1|2 CARLOS PAULO - a minha vida
“Há seis meses sofri um AVC, no teatro A Comuna, em pleno palco. Eu fazia a última parte da peça sentado numa cadeira, falando com o público. Quando as luzes se apagaram, tentei levantar-me mas era como se a minha perna esquerda tivesse desaparecido. Não sentia dor, mas uma insensibilidade total. Ainda fui aos aplausos, amparado de ambos os lados, pensando que tinha tido uma cãibra.
Fiz reabilitação diária num centro perto de Mafra, onde estive internado, mas ali sentia-me deslocado, perdido. Consegui a admissão aqui na Casa do Artista e faço fisioterapia em Entrecampos. Estou o melhor que posso, mas longe de me sentir bem. É como se estivesse de fora de mim a assistir a isto, a este meu andar amparado num tripé, sem me reconhecer nele.

O AVC abalou-me também psicologicamente, porque me veio impedir de fazer uma das coisas de que mais gosto: caminhar! Para além disso, tirou-me a vontade para quase tudo, até a capacidade de ler. Sinto-me esvaziado. O meu esforço actual já não é só físico, é também não perder a intenção de ultrapassar isto, por causa do Teatro, que é a minha vida.

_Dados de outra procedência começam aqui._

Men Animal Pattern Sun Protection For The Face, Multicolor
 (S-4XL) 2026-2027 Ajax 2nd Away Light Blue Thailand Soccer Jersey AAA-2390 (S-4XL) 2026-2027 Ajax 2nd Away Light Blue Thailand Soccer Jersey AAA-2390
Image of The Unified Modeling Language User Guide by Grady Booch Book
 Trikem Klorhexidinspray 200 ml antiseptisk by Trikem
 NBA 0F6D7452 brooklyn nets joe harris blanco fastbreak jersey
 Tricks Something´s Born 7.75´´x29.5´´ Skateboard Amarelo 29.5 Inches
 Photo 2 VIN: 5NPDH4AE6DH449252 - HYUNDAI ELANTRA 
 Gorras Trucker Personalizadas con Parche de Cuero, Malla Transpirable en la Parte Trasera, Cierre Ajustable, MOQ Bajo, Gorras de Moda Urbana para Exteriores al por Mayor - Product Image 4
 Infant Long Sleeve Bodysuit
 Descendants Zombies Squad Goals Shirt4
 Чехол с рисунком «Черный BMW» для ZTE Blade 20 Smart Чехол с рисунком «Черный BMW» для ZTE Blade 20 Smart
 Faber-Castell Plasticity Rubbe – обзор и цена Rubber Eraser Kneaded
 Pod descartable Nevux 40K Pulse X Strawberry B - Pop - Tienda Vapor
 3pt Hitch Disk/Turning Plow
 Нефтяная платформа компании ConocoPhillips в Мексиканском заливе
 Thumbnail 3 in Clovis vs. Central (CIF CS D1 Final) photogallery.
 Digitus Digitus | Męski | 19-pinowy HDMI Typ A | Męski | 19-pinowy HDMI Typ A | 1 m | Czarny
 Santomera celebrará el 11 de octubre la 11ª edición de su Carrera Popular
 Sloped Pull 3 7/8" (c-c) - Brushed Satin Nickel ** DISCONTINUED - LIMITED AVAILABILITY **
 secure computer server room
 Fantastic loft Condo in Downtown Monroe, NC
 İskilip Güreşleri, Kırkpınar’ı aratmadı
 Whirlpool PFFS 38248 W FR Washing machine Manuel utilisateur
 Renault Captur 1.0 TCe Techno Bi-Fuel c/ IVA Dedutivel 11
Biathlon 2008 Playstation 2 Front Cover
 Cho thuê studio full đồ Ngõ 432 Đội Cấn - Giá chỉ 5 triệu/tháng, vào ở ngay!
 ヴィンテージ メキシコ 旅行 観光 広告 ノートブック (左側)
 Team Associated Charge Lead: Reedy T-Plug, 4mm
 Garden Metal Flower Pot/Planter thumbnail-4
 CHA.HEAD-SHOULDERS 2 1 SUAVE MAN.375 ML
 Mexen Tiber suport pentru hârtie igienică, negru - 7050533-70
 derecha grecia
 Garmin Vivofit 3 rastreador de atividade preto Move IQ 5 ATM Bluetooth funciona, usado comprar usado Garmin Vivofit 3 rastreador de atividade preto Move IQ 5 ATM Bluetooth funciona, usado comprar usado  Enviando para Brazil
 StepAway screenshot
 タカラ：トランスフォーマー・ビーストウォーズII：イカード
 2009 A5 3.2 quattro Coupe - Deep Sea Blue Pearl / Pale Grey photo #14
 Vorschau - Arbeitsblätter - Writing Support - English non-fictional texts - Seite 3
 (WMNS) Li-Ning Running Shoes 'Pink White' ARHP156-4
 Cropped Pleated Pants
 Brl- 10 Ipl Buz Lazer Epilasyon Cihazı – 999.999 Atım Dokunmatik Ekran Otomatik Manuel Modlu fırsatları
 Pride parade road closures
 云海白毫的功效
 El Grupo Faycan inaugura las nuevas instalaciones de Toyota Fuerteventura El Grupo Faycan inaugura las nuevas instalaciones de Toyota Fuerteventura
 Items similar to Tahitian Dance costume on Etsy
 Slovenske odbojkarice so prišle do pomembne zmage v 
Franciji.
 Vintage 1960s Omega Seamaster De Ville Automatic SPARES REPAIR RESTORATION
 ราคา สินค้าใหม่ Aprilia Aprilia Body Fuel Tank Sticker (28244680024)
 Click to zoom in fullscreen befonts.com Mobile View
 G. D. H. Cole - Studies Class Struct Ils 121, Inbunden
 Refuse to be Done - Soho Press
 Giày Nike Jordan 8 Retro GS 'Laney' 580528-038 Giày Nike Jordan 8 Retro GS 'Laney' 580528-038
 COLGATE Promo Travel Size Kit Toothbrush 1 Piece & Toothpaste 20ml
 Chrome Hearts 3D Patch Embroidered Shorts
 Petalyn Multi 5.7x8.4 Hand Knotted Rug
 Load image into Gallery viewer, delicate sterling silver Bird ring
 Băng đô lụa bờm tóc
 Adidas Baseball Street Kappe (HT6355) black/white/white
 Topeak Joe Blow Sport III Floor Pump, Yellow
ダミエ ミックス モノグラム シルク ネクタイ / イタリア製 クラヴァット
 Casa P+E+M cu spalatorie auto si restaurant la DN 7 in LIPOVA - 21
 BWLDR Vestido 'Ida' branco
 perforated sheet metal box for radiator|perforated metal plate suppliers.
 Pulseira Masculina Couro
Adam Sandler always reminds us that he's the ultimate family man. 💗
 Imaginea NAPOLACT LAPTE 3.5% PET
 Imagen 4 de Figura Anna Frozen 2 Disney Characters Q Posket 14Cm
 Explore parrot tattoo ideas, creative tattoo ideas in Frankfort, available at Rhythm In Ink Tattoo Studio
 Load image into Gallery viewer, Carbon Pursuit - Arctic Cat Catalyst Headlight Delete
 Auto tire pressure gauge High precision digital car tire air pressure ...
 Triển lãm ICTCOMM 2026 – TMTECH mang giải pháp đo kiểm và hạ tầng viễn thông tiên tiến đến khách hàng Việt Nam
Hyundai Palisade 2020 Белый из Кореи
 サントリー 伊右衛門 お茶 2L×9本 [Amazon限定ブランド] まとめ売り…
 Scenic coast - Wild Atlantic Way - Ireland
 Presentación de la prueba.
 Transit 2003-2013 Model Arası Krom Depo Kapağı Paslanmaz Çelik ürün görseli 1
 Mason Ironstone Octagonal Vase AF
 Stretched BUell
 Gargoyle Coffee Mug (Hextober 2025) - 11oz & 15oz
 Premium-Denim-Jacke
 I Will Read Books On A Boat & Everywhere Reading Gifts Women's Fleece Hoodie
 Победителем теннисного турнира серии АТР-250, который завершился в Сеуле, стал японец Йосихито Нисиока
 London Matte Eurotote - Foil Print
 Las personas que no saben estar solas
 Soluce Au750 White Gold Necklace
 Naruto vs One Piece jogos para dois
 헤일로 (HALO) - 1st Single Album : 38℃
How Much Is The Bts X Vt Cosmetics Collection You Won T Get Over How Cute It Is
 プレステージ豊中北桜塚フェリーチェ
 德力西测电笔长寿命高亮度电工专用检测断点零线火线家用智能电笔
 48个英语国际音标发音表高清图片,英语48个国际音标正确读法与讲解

Faço Teatro desde os 16 anos. Quando não estou a atuar, caminho pelas ruas da cidade. Vivia sozinho, mas nunca fiz da casa um lar, apenas um abrigo onde eu pernoitava. Adorava deambular, observar pessoas e, quando se proporcionava, conversar com elas, inusitadamente. Eu sou de pessoas, não de coisas materiais. Tenho telemóvel só para atender chamadas e nem carro tenho. Duas palavras me definem: ator e caminhante. Adorava apanhar o metro no Rossio, sair na Alameda e descer a Almirante Reis a pé. É na rua que sinto o mundo, não dentro de casa.

Há quase 50 anos que tomo o pequeno almoço no Café Gelo, no Rossio, espaço de tertúlia de grandes intelectuais portugueses. Os empregados já nem me perguntam o que quero. Quando está um tempo agradável, venho fumar o meu cigarro fora.

Num desses dias amenos, vi uma senhora a gesticular. Olhou para mim e disse-me: ‘Eu não sou doida! Eu falo sozinha para não enlouquecer!’ Convidei-a para se sentar ao meu lado e estivemos duas horas e meia a conversar. Despedimo-nos num abraço, ela de lágrimas nos olhos.”

(continua)

Carlos Paulo 2


(publicado a 6 de janeiro de 2024)

2|2 CARLOS PAULO - Doze passas

(continuação)

“Eu vivo atento às pessoas e vejo que elas se cruzam num vaivém constante mas não se olham. Faz falta mais troca de olhares e ouvidos para escutar.

Gosto também de observar o comportamento humano porque isso enriquece a minha capacidade interpretativa. Eu tenho de conseguir colocar-me nos diferentes personagens com o maior realismo possível.

De todas as pessoas se aprende, porque são tão diversas quantas as que estão numa plateia a assistir. Costumo dizer aos jovens atores: quando uma sala está cheia, nós não sabemos a cor da pele, o sexo, a idade, a religião, a orientação sexual ou política. Ali, todas as pessoas são apenas seres humanos que respeitamos profundamente. Isso é que é bonito: o respeito pelo ser humano.

Nesse aspecto, o Teatro, como a cultura em geral, une as pessoas, não as divide. A única limitação é a dificuldade que os mais desfavorecidos têm de chegar a ela. Mas foi também por isso que eu e o João Mota fundámos A Comuna há 51 anos. Fizemos acordos com Juntas de Freguesia para facilitar o acesso a pessoas de baixa condição económica. O João foi o meu grande amor, com quem estive 18 anos. Fizemos vida conjunta, mas afastámo-nos porque já éramos mais irmãos que outra coisa. Foi de tal forma uma relação importante, que além de fundarmos A Comuna, ele adoptou como filho um sobrinho meu, na altura com 4 anos, com quem ainda vive.

Depois dele, já não voltei a fazer vida conjunta. Optei por ficar sozinho, mas não solitário. Tinha o Teatro, os transeuntes, os amigos - paixões que eu sublimo - um mundo para observar… e uma família maravilhosa.

Sou um de sete irmãos, todos próximos e ligados. O meu pai era ultraconservador mas a minha mãe compensava em tudo. Conheceram-se em África. Casaram tinha ela 17 anos, três meses depois de conhecer o meu pai, e viveram uma eterna paixão.

Ela foi exemplar na maneira como nos educou. Dizia sempre: ‘Eu tenho sete filhos, mas cada um é um.’ E tratava cada filho da maneira mais acertada, com respeito, sentimento que hoje une os irmãos.

Se o meu Natal ainda tem alegria, devo-o à família que tenho. Já as doze passas vão todas para o mesmo desejo: voltar a ser autónomo!”